This (finger) has a form. As a pointing finger, I’m an accuser. In India, sometimes a man is sitting meditating. An atmosphere of holiness comes from him. People gather around. Finally, he comes out of meditation. He sees them. He doesn’t say anything, (but just holds one finger pointing upwards), then he walks away. It means something, but what does it mean? Does it mean one, all is one, only one? Does it mean whatever you think, whatever you can imagine, above there? Transcend that? Go beyond that? Hand has no form, but has all the capacities of the forms.
Now, one of the lessons this is supposed to teach is that, in life, we specialize in something. Some of us become fists – we can’t bear any opposition, and we want to overbear. There’s another one who becomes “No!” Before any new suggestion, before the sentence has been completed: “No!” We become these things.
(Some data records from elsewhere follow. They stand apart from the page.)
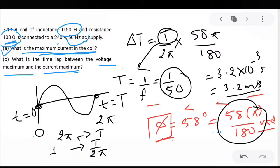We are asked to find the maximum current. We know that peak current equals root 2 times IRMS. IRMS is 1.28 ampere, so multiplying by root 2 gives the peak value as 1.82 ampere. This is the maximum current — part A of the question is done.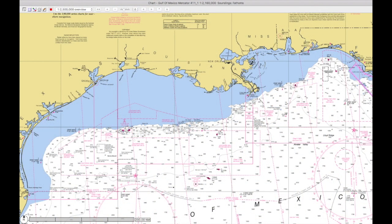In today's video, I'm going to be demonstrating how to download a route based on weather from a site called Fast Seas, and using that route in Mac ENC.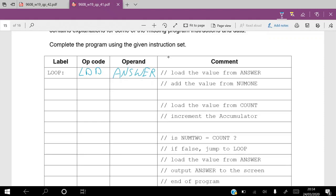The next instruction says 'add the value from num1,' so we are going to add the value from that address to the value in the accumulator. This is also direct addressing, so from the table you find the command: ADD num1.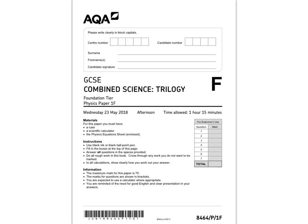In this video, I'm going to run through the AQA GTC Combined Science Trilogy Physics Paper 1 on the Foundation tier. I hope you find it useful.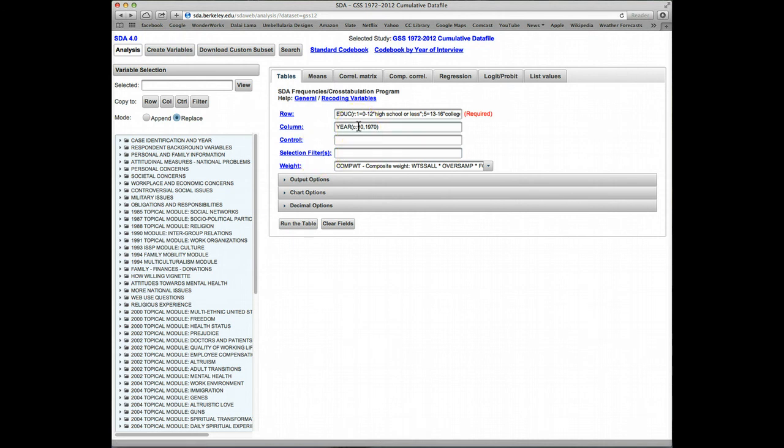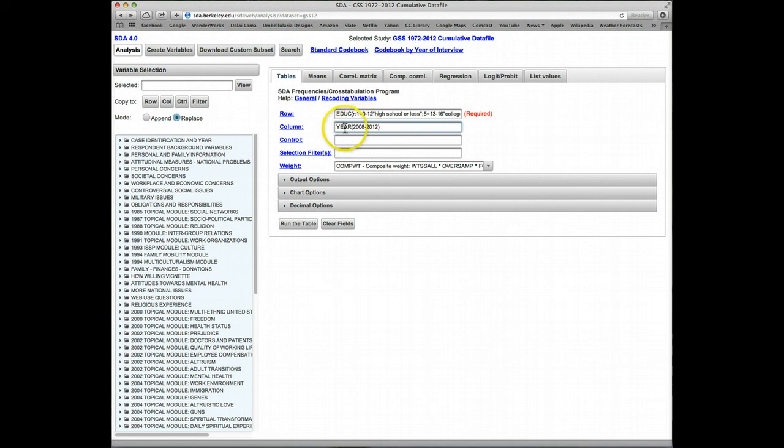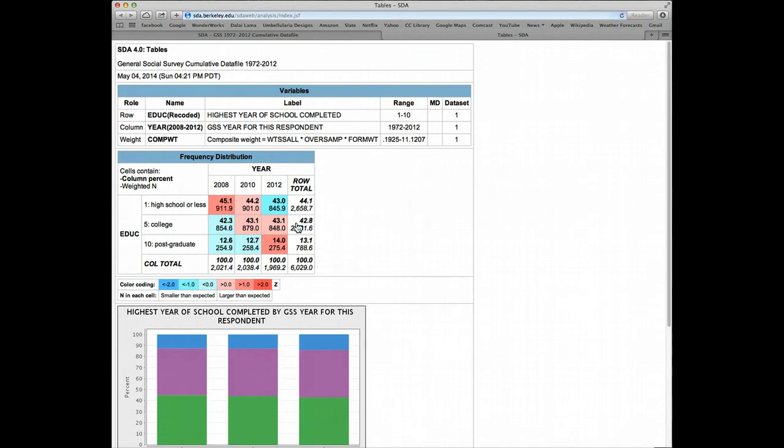So let's say for year, we are interested in only seeing the results for the GSS from, I'll say, 2008 through 2012. So for range restrictions, it's actually the same syntax as selection filters. You have the variable name and the range, and we'll run the table.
In any skill or in life, we can become a thing. We lose the capacity to adapt flexibly, to thread a needle. You can’t thread a needle if you’ve got a fist – or write delicately.
In the vocabulary of some of the arts, this is called the bull’s horns. You develop a particular faculty, like a bull’s horns. With these, you can (intimidate) – but they’re awful nuisance. If you want to get into a car, you can’t get (get in the door). You become a bull with your skill, very formidable and triumphant, but all you can do is charge and gore.
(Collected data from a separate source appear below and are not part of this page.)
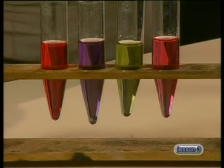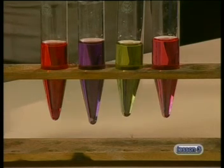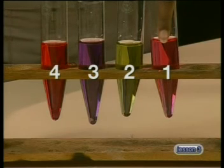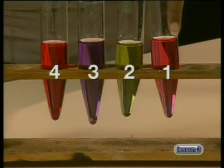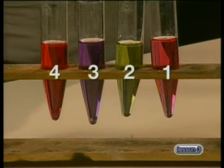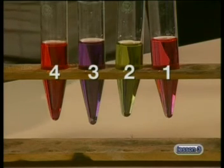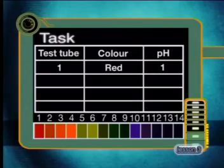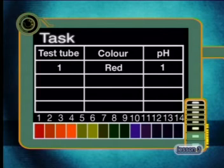Here I have added a few drops of universal indicator. In the first test tube, you can see the solution is a reddish colour. Using the reference chart, you can read off the pH as 1. For today's task, I want you to draw up a table, watch each test tube shown to you, and use the indicator reference strip on the screen to determine the pH of each solution. Remember to record your information in a table.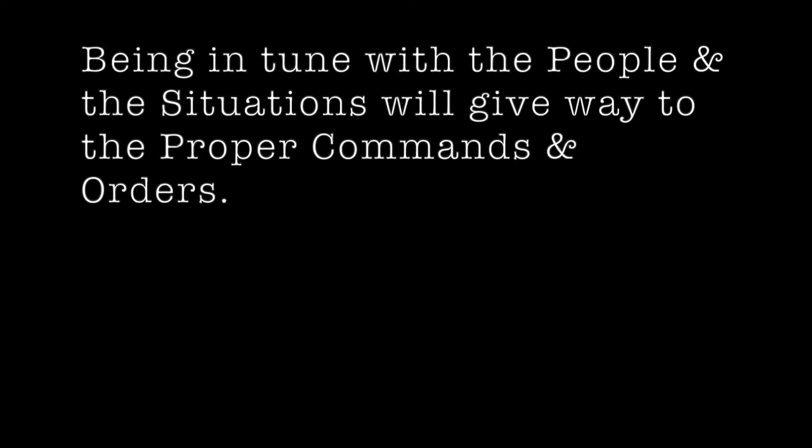Thus, it is said that when you cultivate beneficence tirelessly, with one you can take ten thousand. The military pronouncements states: The basis of the general's awesomeness is his commands and orders. The basis of complete victory in battle is military administration. The reason officers treat battle lightly is the employment of commands. Thus, the general never rescinds an order. Rewards and punishments must be as certain as heaven and earth. For then the general can employ the men.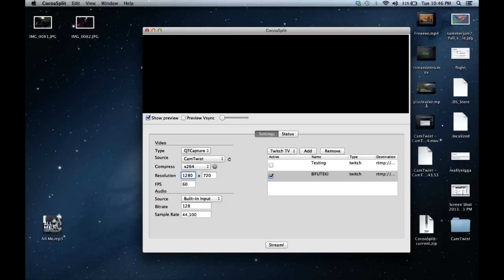For Resolution, fill in whatever you want to stream at. If you want to stream at 1280 by 720, go ahead. If you want to stream at 480, which is 854 by 480, that's fine too. 768 by 432 is also fine — whatever you want to stream at, you put those numbers in. As long as people can see it, they'll be happy. For FPS, put in whatever frames per second you want — I normally stream at 60. You can do 59.94, 29.97, 30, 24, 25 — whatever you want.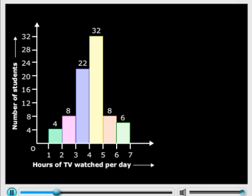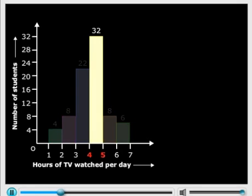For how many hours did the maximum number of students watch TV? Now, if you look at the graph, you can see that the maximum number of students, that is 32 there, watched TV for 4 to 5 hours.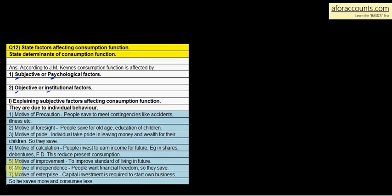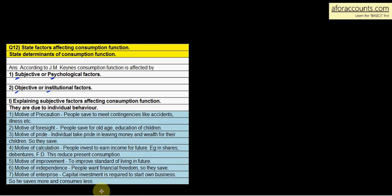The fifth is the motive of improvement: to improve the standard of living in the future, they save now. The sixth is the motive of independence: some people want financial freedom and don't want to depend on others, so they save. The seventh is the motive of enterprise: capital investment is required to start one's own business, so a person saves more and consumes less.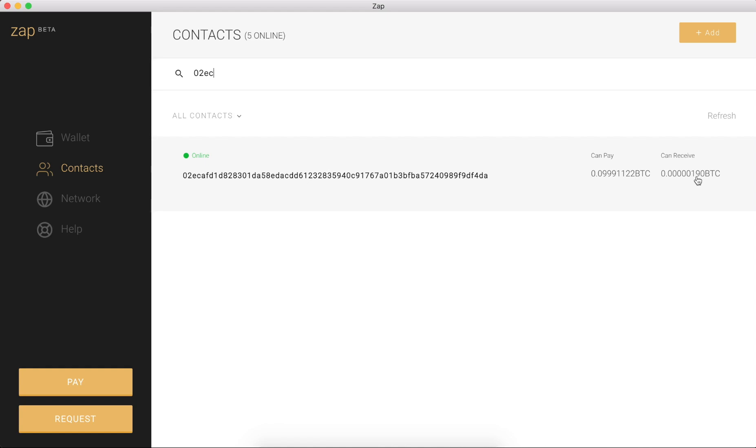So awesome. That was pretty simple to receive some money over the Lightning Network. I hope you found it helpful.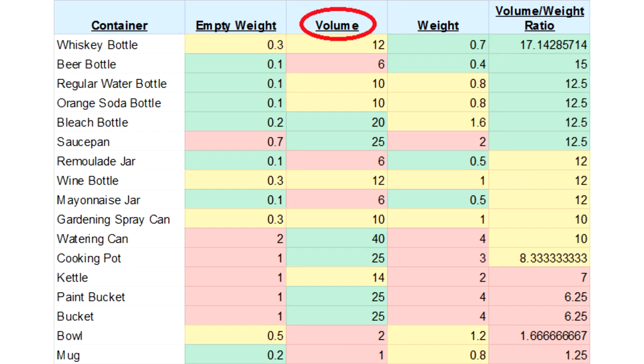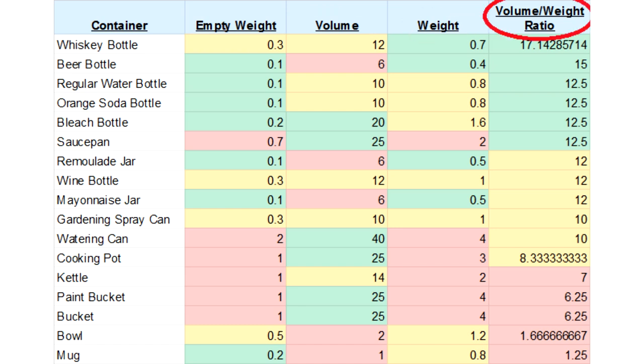Volume is how much water can go inside the bottle. Weight is how much the filled container weighs, and volume to weight ratio is volume divided by weight.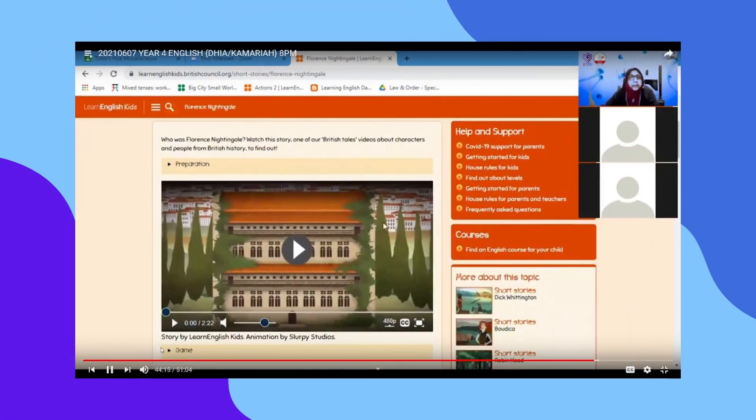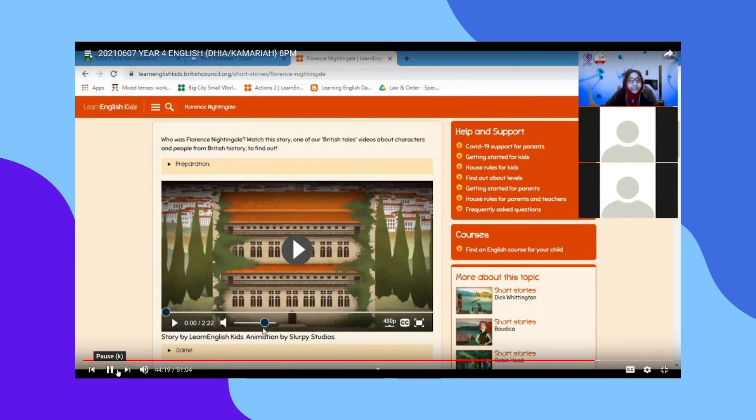Let's learn about Florence Nightingale. She is a very famous person. So, let's watch this.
They say one of the first things is to become a hand, so that you’re not specialized, you can do these other things. When it’s time to thread a needle, you can thread it. When it’s time to write, you can write. There are bulls who write (with the pen in their grip). But the pen has length and should be held here, balanced.
Things create illusions. We get the illusion of, “This is me. I’m like this.” “This is what I’m good at.” “Oh, I could never do that,” and so the capacity of the hand is lost. The example is given is of illusory forms. I just give one very brief thing. We have attitudes and habits of which we are entirely unconscious.
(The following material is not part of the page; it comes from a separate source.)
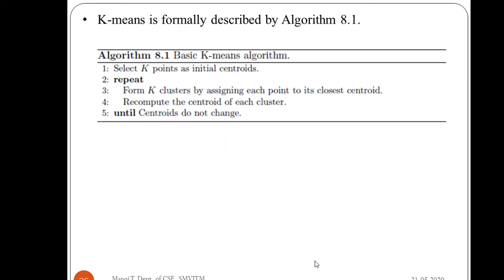We will illustrate this using a formal algorithm. Initially, you select k points as initial centroids. Then you repeat the following steps in a loop: form k clusters by assigning each point to its closest centroid. To decide which is the closest centroid, you use a proximity measure. We have already seen different proximity measures for calculating distance — it may be Manhattan distance, Euclidean distance, or Minkowski's distance. Using these formulas you compute the closest centroid and form the k clusters.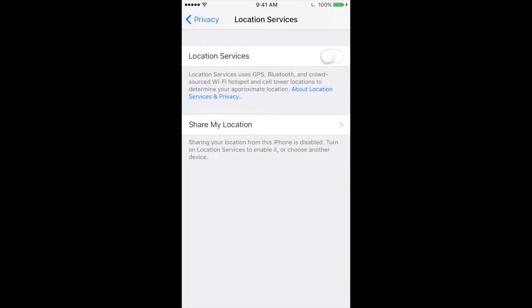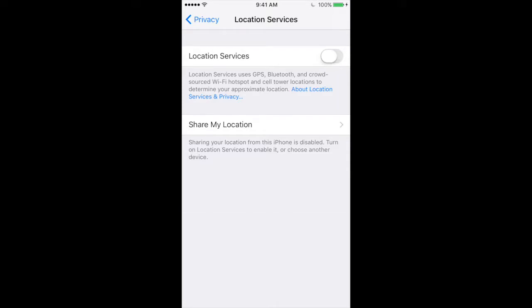Then you're going to turn the Location Services toggle on. It will turn green to let you know that it's on. Then you should be good to go.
[I should say that any examples I may give here, people would never behave like that. Anything that’s said is purely as an example. Any resemblance to any situation or any person, living or dead, is purely intentional!] [laughter]
In the old texts the Chinese, when they came to Japan, repeated a phrase ‘Maku mozo’, as the Japanese pronounce it – “Don’t have delusive thought”. In the records of the Chinese masters when they came, they would repeat things. To this day, I only meet Chinese talking English, but they tend to repeat things. If you tackle a Chinese on this and say to him, “Some of the old Chinese monks coming to Japan tended to repeat their phrases. Is this a characteristic of the language, because I’ve noticed that some of you do today?” and he replies, “No, we don’t. No, we don’t.” Well, this is one example of us.
Now, to create consciously forms. This can be one of the secrets of bringing something to fulfilment. Without going into anything else, I just mention a point that may not be familiar to you. Take somebody who’s an athlete, say who’s training really seriously; suppose he’s an amateur so he works in the day, and then he gets to start his training in the evening.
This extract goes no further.